WHAT IS REQUIRED>
Print the lines below from the line with "A whole glazed" to the line with "AsilTech 8’li Sihirbazlık" exactly, keeping both ends, and print no pictures.

Short descriptive text snippets
○ ○ ○ ○
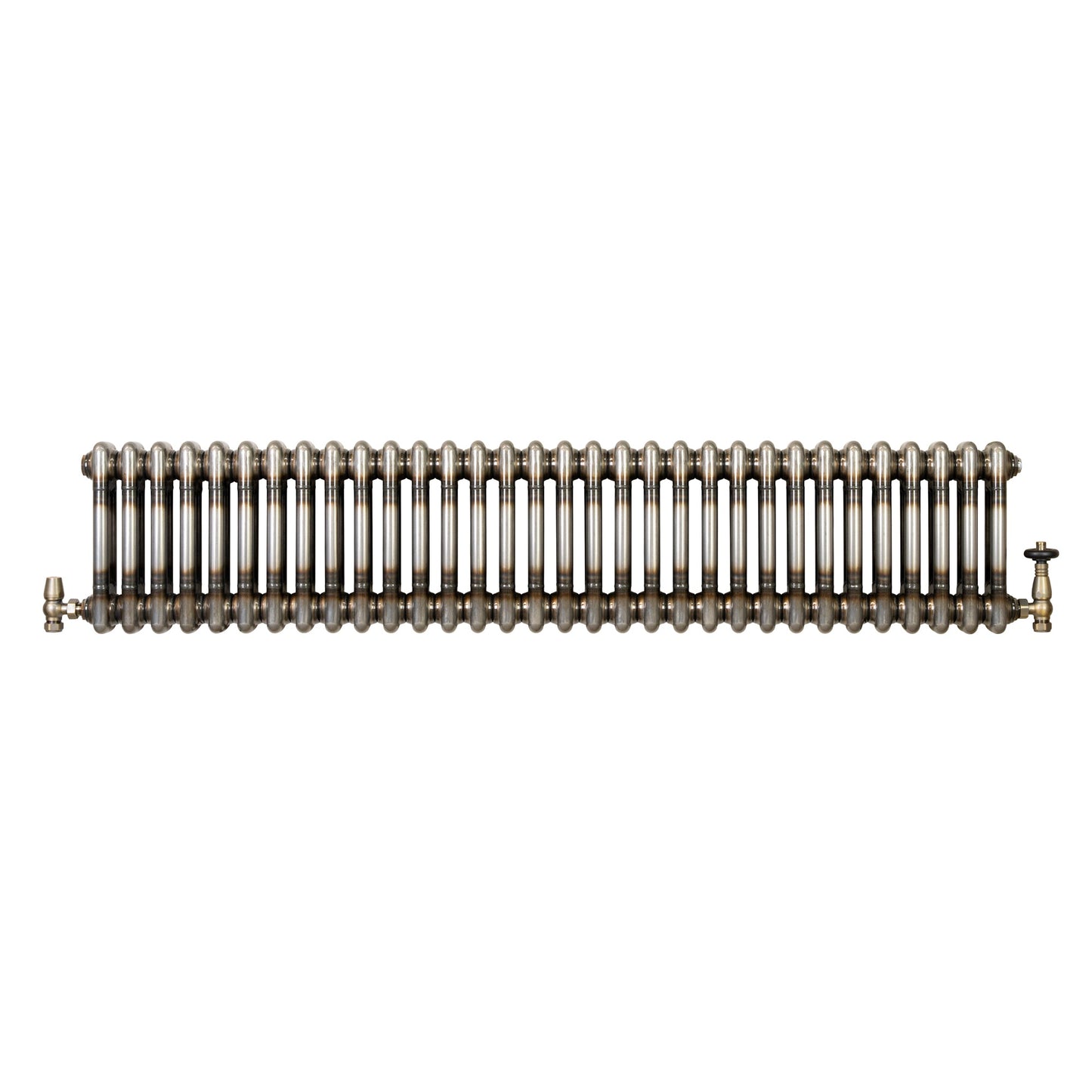 Traditional 2 Column Radiator & Valves - 300 x 1460mm - Raw Metal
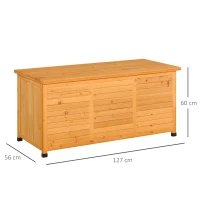 Outsunny Baule da Esterno in Legno di Abete Impermeabile con Base Rialzata, 127x56x60 cm, Giallo Scuro(m-3)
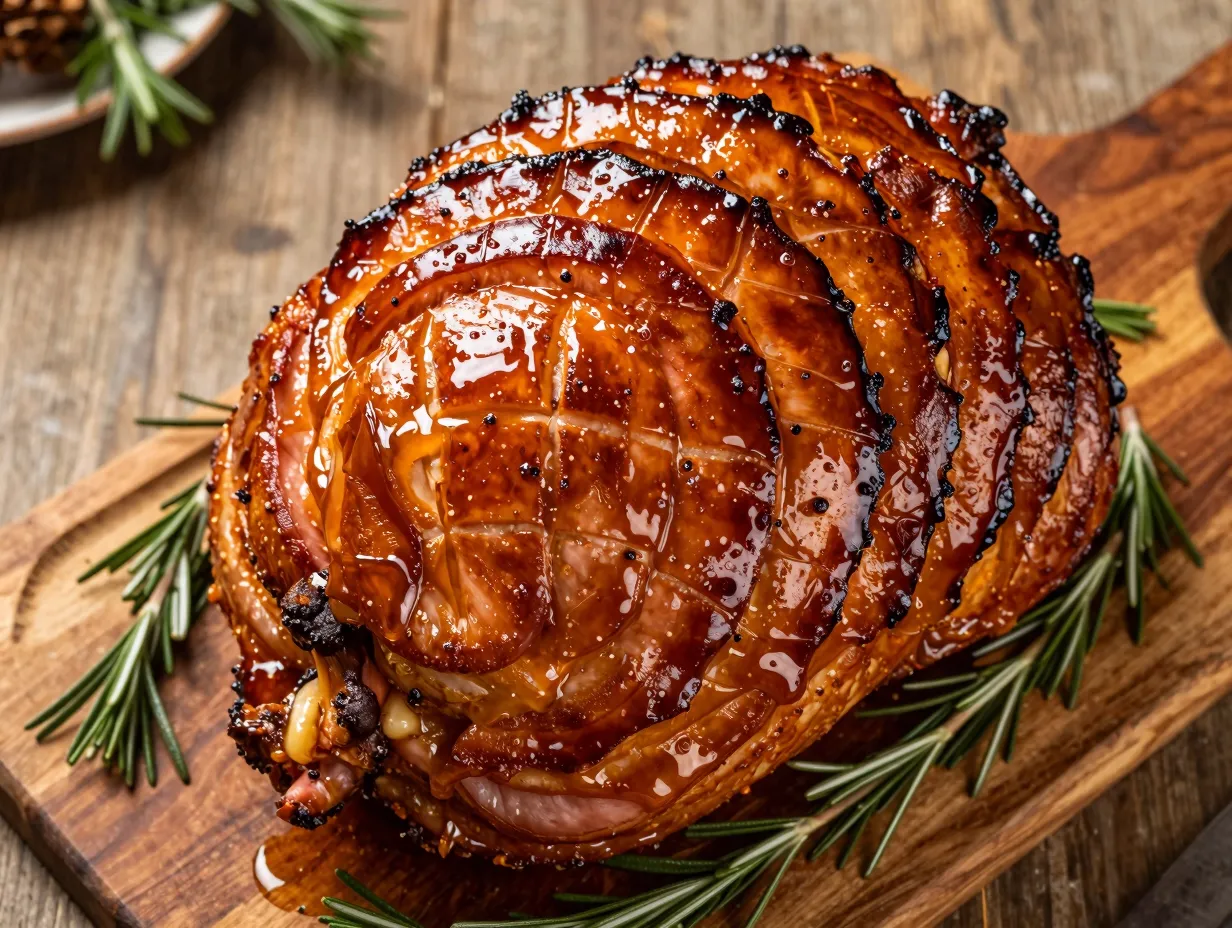 A whole glazed ham with rosemary crust on table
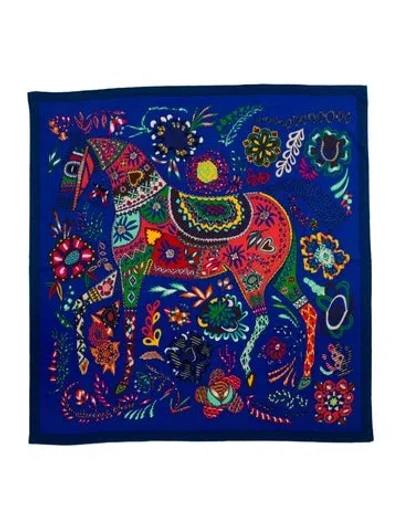 Pre-owned Hermes En Attendant Ulysse Cashmere Shawl In Blue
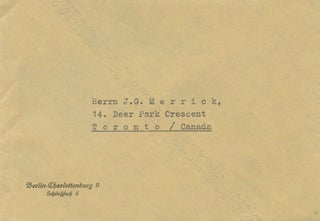Typed Letter Signed (TLS) of Eugen Hadamovsky in German to J.G. Merrick, Toronto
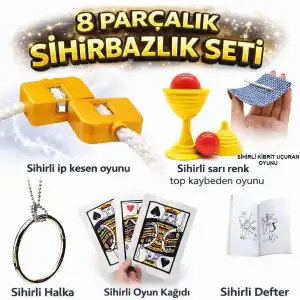 AsilTech 8’li Sihirbazlık Seti (Kibrit, Defter, Halka, Kupa, İp, 3’lü Kart)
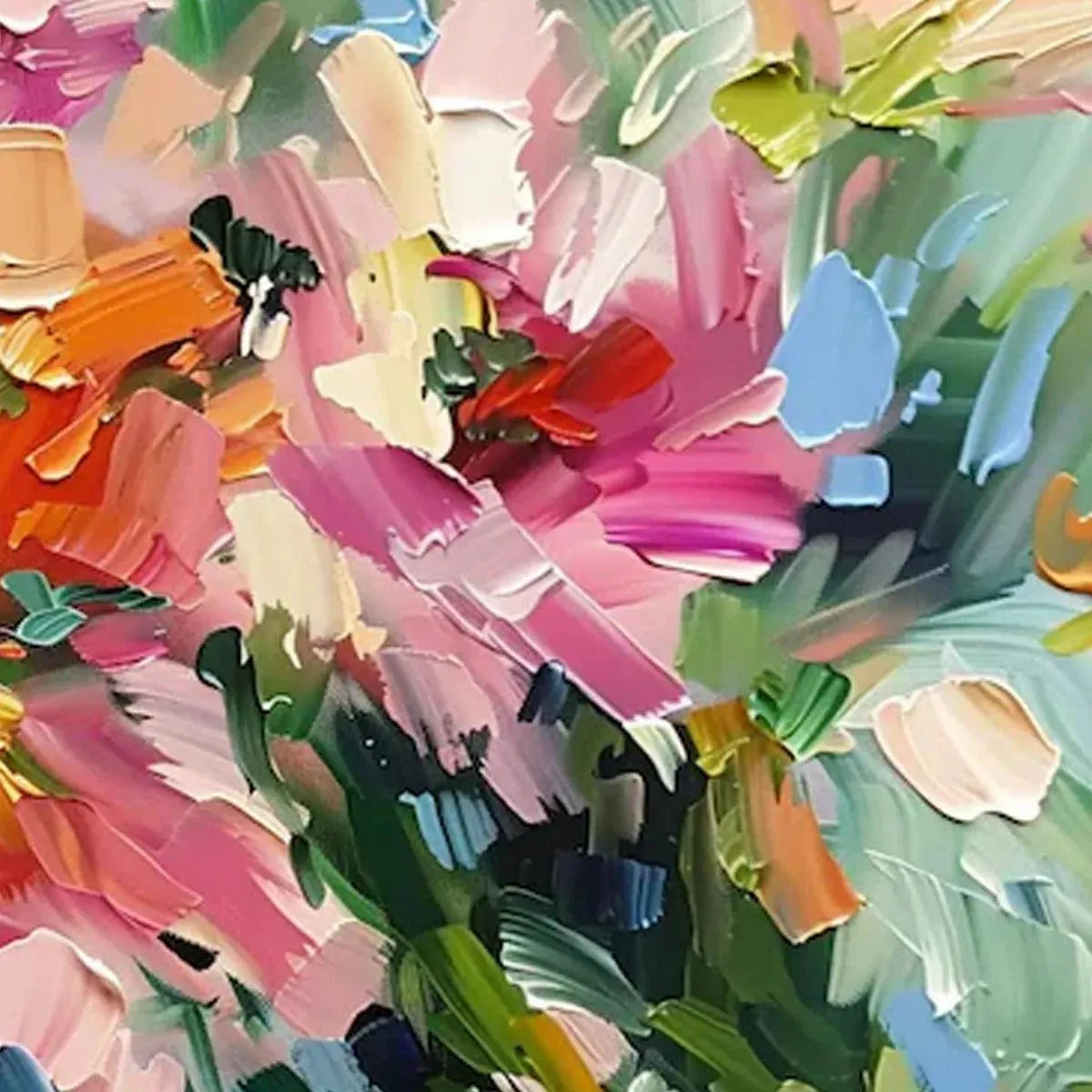 Textured impasto floral painting with thick pink, orange, and green brushstrokes - Blushing Blooms original art.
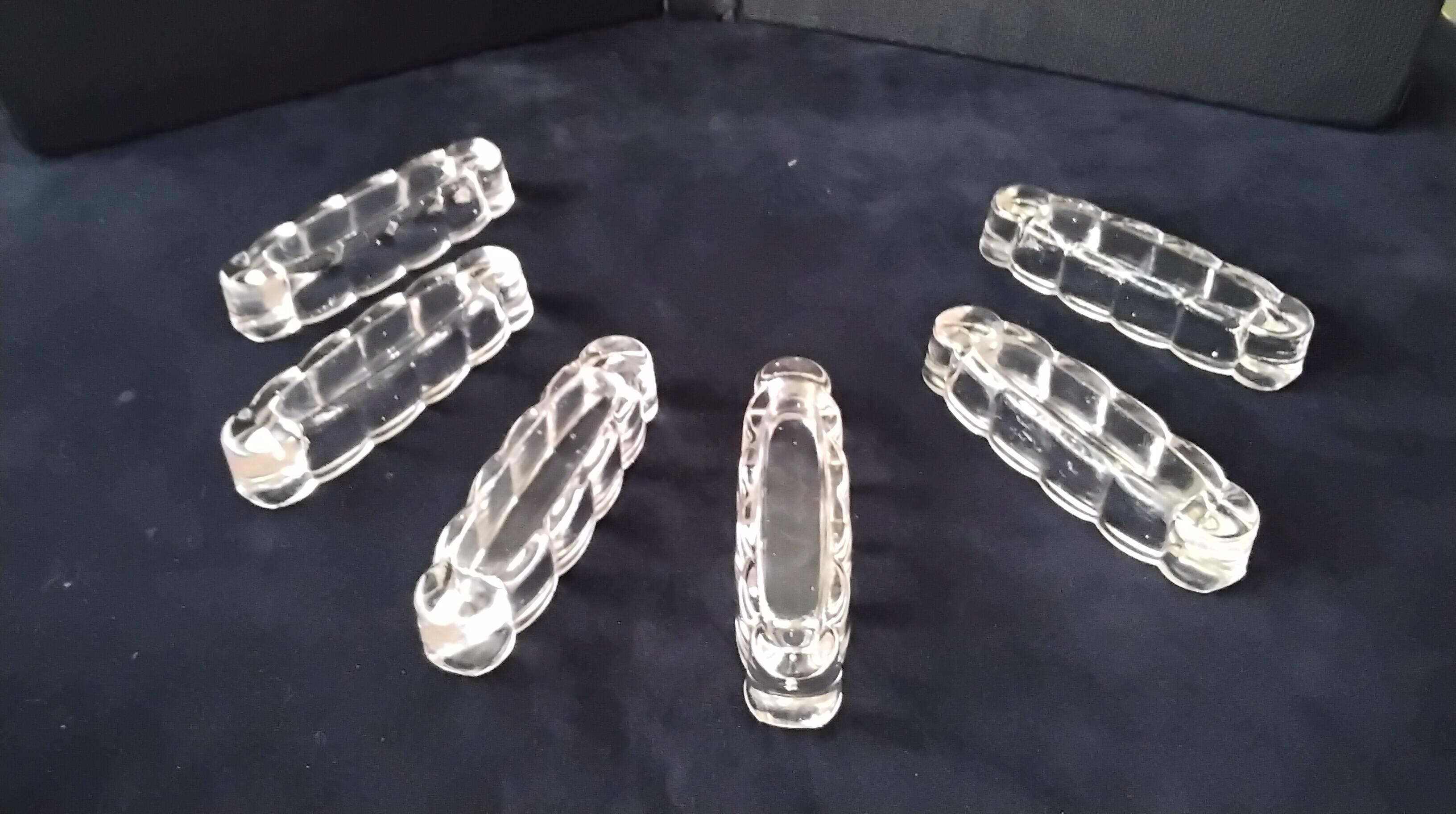 6 antique moulded glass knife rests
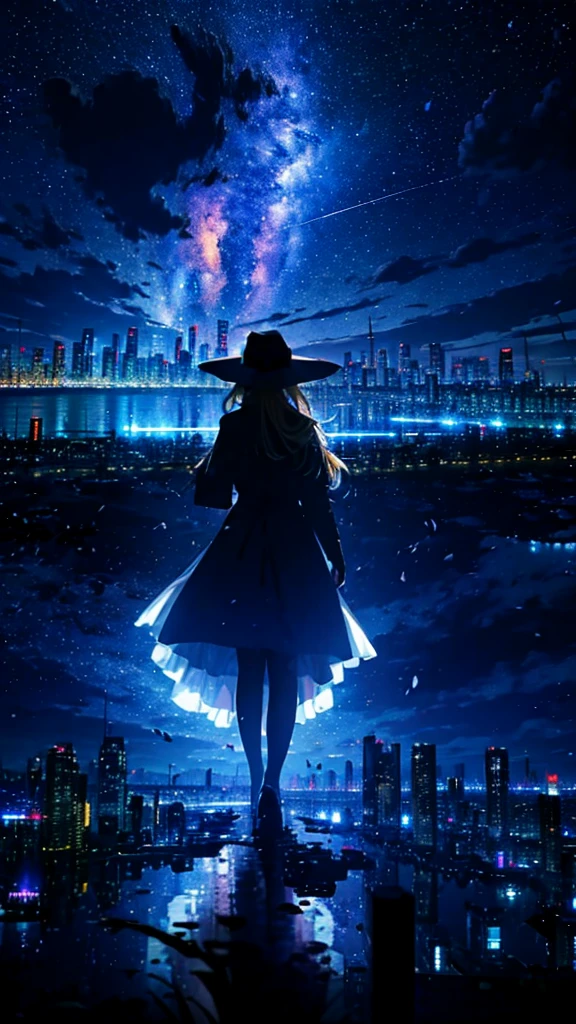 1people々々々,Blonde long hair woman,long coat, dress silhouette, Rear view,Space sky, comet, anime style, dancing petals,Night view of the city from the mountainside,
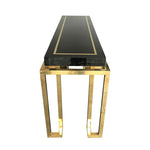 MAISON JANSEN STYLE BRASS AND BLACK LUCITE CONSOLE TABLE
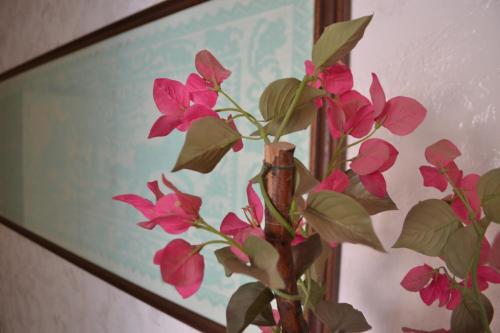 a vase with pink flowers in front of a mirror at Sa Marina in La Caletta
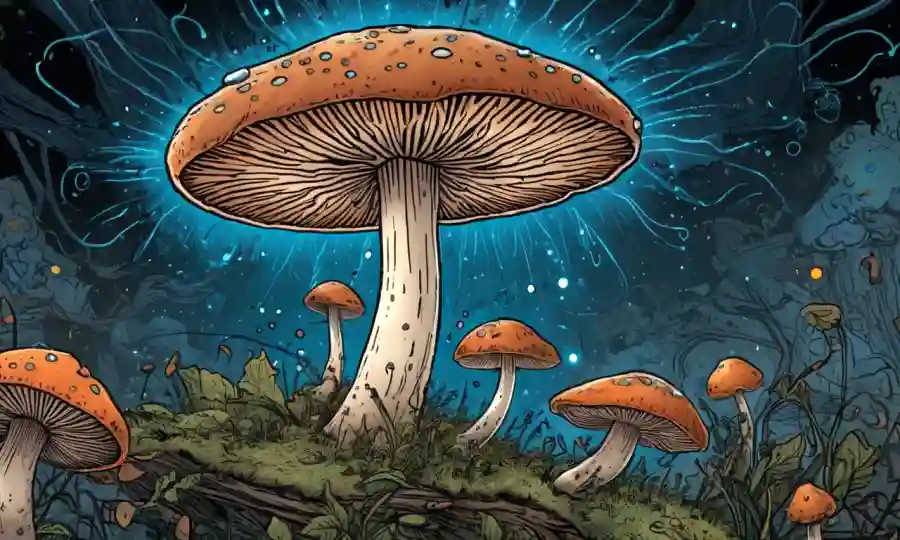 Una imagen de cerca de un hongo o hongos, con chispas y circuitos creativos que la rodean.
○ ○ ○ ○
EXPECTED OUTPUT>
 A whole glazed ham with rosemary crust on table
 Pre-owned Hermes En Attendant Ulysse Cashmere Shawl In Blue
Typed Letter Signed (TLS) of Eugen Hadamovsky in German to J.G. Merrick, Toronto
 AsilTech 8’li Sihirbazlık Seti (Kibrit, Defter, Halka, Kupa, İp, 3’lü Kart)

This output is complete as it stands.